Seeing Earth, really seeing Earth with proper vision, means rooting ourselves in stewardship and care of the environment, plants, animals, and eating creeping things. Doctrine and Covenants, Section 59 says, if we come up to the Land of Zion, eye single to His glory, we shall inherit the earth. He goes on to highlight the beauty and creations of the earth that can enlighten our souls. This is significant because, as verses 45 and 47 in Section 88 teach us, even in the least of these kingdoms created by God, we can discern His glory. So, all these creations I've been talking about typify and witness to him, if they're seen correctly, if we learn to do this well, then one day, once we actually see the literal figure of God, we will know that we've already seen him. For anyone who has seen the Earth, this is what it says: anyone who has seen the Earth rolling upon its wings, or the sun giving light, or any of the least of these things pertaining to the plan of salvation, hath seen God moving in his majesty of power. We can already see God now by seeing bits of his plan. As the next verse in Section 88 puts it, we can see God now because he has already come among us in the least of his creations around us. Even though most of us don't realize it, we don't look up and take account of it. We don't see it, and we often fail to recognize him in others. We fail to recognize him in daughters and snowflakes and spouses and waves and rainbows. But we can begin to glimpse his countenance in these daily miracles. And if we can scrape together, collect, and cherish enough of these, then, once we do finally stand before God, we will know that we have already seen Him. It will be confirmed that it was in actuality, he whom we felt. It was he that we glanced at and him that we drew close to. As the Lord promises, then shall ye know that “ye have seen me.” Now future moment of direct seeing will confirm and corroborate all the past experiences of seeing when, in this more diffused sense, by seeing his creations as then daily art.

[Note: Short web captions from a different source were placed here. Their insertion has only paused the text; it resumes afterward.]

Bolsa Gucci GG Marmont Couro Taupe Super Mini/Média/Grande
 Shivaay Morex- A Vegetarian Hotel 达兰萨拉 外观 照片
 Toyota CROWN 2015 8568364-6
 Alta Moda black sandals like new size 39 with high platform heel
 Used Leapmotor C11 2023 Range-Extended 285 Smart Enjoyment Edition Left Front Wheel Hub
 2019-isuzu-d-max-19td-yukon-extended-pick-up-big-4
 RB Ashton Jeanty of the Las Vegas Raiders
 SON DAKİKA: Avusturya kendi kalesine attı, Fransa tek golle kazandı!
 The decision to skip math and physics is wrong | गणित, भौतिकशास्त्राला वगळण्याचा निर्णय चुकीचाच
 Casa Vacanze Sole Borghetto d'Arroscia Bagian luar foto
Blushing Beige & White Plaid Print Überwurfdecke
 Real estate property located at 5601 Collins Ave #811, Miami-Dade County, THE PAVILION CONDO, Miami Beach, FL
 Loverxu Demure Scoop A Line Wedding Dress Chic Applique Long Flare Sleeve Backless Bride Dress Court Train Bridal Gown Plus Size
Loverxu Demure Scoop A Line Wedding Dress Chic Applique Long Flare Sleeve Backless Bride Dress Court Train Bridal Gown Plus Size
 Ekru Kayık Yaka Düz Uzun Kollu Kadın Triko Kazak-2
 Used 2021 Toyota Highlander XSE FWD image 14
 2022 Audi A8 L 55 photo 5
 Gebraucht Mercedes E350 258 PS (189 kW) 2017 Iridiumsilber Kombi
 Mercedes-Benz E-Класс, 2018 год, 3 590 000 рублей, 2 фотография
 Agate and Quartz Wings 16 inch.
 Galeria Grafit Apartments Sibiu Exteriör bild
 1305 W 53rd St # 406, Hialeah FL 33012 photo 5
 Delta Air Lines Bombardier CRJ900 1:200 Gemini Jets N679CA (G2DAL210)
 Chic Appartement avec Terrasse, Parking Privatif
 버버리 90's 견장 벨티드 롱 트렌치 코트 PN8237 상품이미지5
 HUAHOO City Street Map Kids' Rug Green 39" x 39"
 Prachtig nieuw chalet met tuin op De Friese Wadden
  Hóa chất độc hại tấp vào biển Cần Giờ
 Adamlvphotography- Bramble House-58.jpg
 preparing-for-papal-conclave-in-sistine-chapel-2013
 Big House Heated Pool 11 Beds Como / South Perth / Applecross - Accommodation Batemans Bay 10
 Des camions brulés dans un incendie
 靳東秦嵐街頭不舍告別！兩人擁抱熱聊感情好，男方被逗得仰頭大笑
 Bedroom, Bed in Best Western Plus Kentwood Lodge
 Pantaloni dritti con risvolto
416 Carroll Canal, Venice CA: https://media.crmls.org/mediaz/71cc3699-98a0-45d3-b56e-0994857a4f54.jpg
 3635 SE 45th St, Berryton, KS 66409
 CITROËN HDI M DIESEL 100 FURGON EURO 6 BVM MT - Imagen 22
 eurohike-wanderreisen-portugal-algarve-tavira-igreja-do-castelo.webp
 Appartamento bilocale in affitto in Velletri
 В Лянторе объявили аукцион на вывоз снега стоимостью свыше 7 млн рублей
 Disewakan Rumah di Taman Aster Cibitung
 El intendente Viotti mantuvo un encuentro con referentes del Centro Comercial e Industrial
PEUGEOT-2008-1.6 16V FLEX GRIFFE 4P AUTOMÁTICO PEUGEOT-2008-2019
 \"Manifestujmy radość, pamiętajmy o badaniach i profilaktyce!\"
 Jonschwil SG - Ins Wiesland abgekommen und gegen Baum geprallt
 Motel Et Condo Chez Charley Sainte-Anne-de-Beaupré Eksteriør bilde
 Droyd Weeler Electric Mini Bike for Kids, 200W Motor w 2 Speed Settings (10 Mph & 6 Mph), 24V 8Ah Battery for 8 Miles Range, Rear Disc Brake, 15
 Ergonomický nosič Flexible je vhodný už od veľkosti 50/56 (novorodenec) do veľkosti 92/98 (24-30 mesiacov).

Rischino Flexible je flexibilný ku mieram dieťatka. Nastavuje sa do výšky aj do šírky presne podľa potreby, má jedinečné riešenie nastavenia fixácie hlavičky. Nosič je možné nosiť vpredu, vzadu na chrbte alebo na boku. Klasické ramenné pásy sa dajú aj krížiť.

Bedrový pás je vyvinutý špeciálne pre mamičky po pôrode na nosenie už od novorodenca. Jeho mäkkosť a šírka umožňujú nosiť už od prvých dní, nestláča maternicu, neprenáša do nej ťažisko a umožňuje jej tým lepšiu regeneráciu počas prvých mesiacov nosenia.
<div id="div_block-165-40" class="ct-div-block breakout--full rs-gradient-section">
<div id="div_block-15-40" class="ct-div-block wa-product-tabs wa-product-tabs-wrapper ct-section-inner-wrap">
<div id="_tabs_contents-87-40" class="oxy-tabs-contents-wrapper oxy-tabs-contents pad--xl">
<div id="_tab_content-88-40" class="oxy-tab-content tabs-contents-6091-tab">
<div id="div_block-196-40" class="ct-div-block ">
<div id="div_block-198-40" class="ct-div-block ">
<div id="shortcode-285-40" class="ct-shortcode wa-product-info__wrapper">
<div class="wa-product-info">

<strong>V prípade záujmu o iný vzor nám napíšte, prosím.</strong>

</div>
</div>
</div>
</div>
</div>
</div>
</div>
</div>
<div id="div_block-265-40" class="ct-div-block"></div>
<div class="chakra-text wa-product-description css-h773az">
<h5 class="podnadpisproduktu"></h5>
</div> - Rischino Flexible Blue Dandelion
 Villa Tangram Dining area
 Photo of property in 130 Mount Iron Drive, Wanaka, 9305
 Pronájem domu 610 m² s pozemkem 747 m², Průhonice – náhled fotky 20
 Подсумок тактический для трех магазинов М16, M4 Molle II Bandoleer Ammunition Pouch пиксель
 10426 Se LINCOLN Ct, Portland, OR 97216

So, the Earth itself has a unique visionary power that I think we can learn from. It's a model. It's a reminder for us to gain spiritual vision, and it will become the ultimate visionary medium when it's a Urim and Thummim, or a seer stone. At that future time, literally looking into the glass ball version of the Earth will reveal the visions and truth we desire. Instead of passively staring into glass screens, we'll actively see into a glass ball of truth. But even now, we can learn to look through the earth as a lens toward heaven with proper understanding and openness, we actually see what is really around us. It's no wonder that even the boy Joseph Smith literally found Heavenly Father and the Lord after going into the forest. Our visions of our surroundings can be delightful. They can be enlightening. Yet too often, we are conditioned to look away from Mother Earth and gaze at screens, replacing lived experience with curated, commodified imagery. The Doctrine and Covenants calls us to reclaim our vision, to see with fresh eyes, and to reject the distortions that might dull our spiritual vision. The Doctrine and Covenants is then visionary, not just because it contains heavenly visions, but more especially, because it teaches us to see the spiritual in the temple, to see it now. Truly seeing this world means finding heaven now through our earthly circumstances, not despite them. Calling and training our bodies to notice and appreciate more of the natural world can help bring our voracious eyes into alignment with God's will. As we get our eyes single to His glory, we will glimpse the heavens and find the divine all around us. Let us that as section 59 urges be planted deeply rooted in the Earth's beauty while reaching towards celestial heights. We will then see others with love and reverence. We'll see the Earth with stewardship and awe, with wonder, and we'll see our surroundings with an awareness that we are in a sense and through our senses, already seeing him. Thank you.